In deze zaak heeft de kantonrechter van de Rechtbank Zeeland-West-Brabant op 25 mei 2022 uitspraak gedaan in een strafzaak tegen een verdachte die op 13 oktober 2019 in de gemeente Goes betrokken was bij een vechtpartij. De verdachte was niet ter zitting verschenen, waardoor verstek werd verleend. De officier van justitie, mr. A. El Mokhtari, heeft het standpunt ingenomen dat de verdachte wettig en overtuigend schuldig is aan de hem ten laste gelegde feiten, waaronder deelname aan een samenscholing en vechten op een openbare plaats, zoals vastgelegd in de Algemene plaatselijke verordening (APV) van Goes.
De kantonrechter heeft de zaak inhoudelijk beoordeeld en vastgesteld dat de verdachte inderdaad heeft gevochten, wat door drie verbalisanten is waargenomen.

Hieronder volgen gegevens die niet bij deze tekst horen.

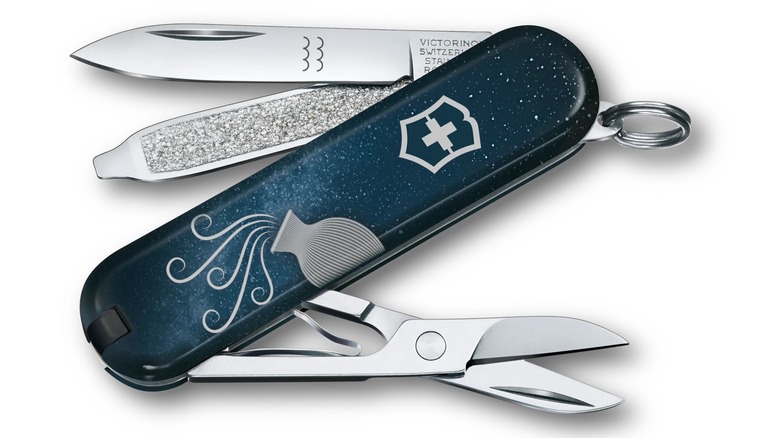 Victorinox aquarius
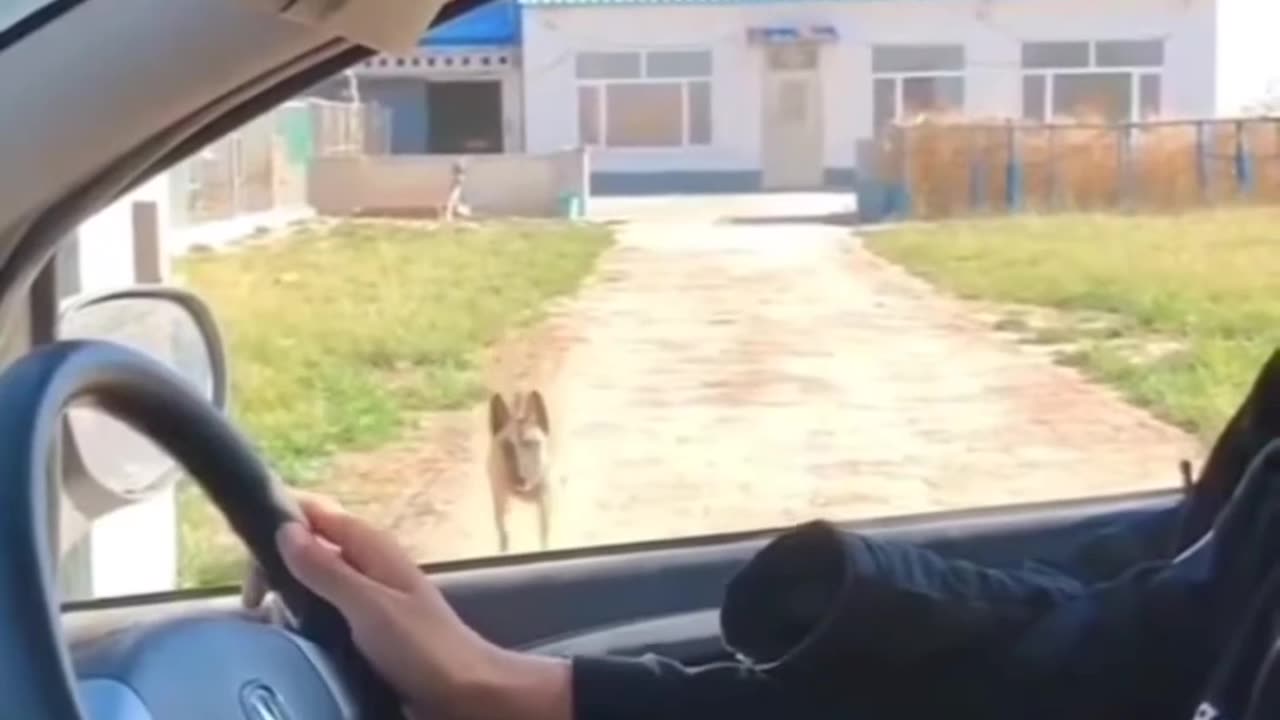 Try not to laugh 🤣🤣🤣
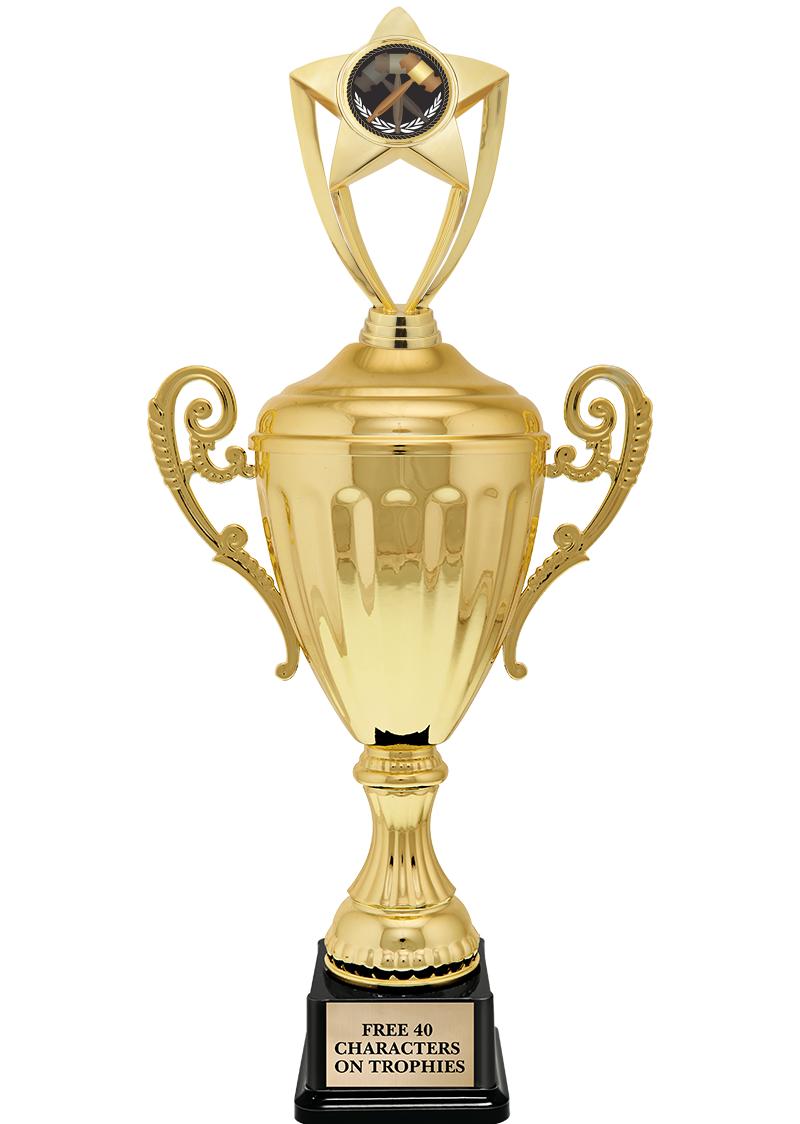 15.43" GD ACCLDE CUP TRP W FIG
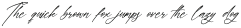 Everlast Roman Script Italic otf (400)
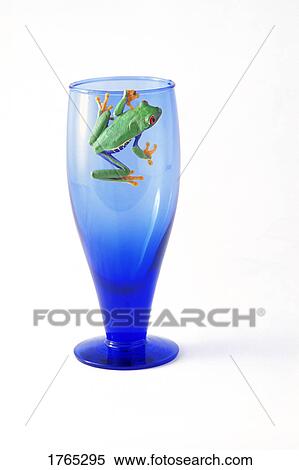Stock Photography - A frog in a glass. Fotosearch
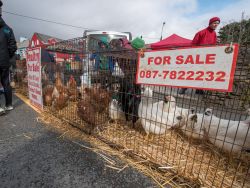 Saint Patrick's Day, Sneem, Co.Kerry
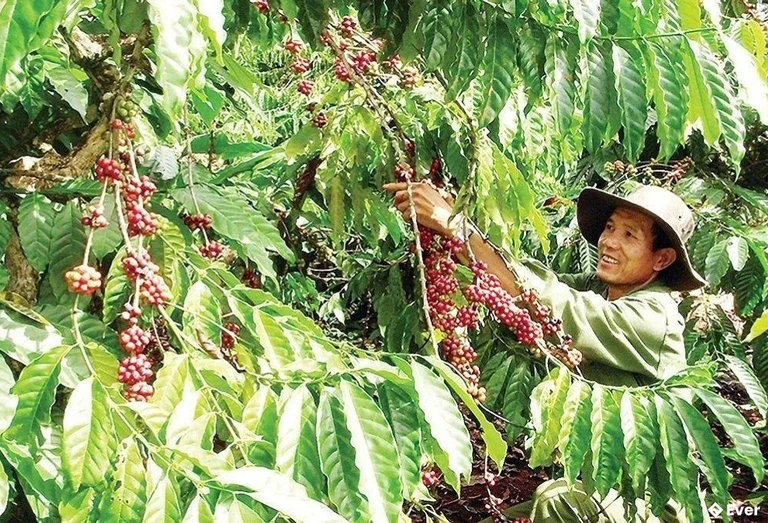 Xã Đức Lập hướng đến địa phương phát triển kinh tế ổn định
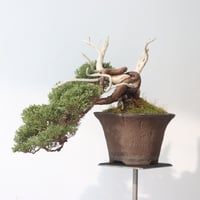 真柏 / YOSHIZAWA3-SHOHINBONSAI   no.223-51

Echter, de kantonrechter heeft ook geconcludeerd dat de APV, en met name het vechtverbod, niet in overeenstemming is met hogere wetgeving, zoals het Wetboek van Strafrecht. De kantonrechter oordeelt dat de gemeente buiten haar bevoegdheid is getreden door een verbod op vechten op te nemen in de APV, aangezien dit in strijd is met de regels van het strafrecht. Hierdoor wordt het vechtverbod in deze zaak verbindende kracht ontzegd.
De kantonrechter heeft daarom de verdachte vrijgesproken van de overige tenlastegelegde feiten en hem ontslagen van alle rechtsvervolging. Dit vonnis benadrukt de noodzaak voor gemeenten om hun verordeningen in overeenstemming te brengen met hogere wetgeving en de beperkingen die daarbij gelden.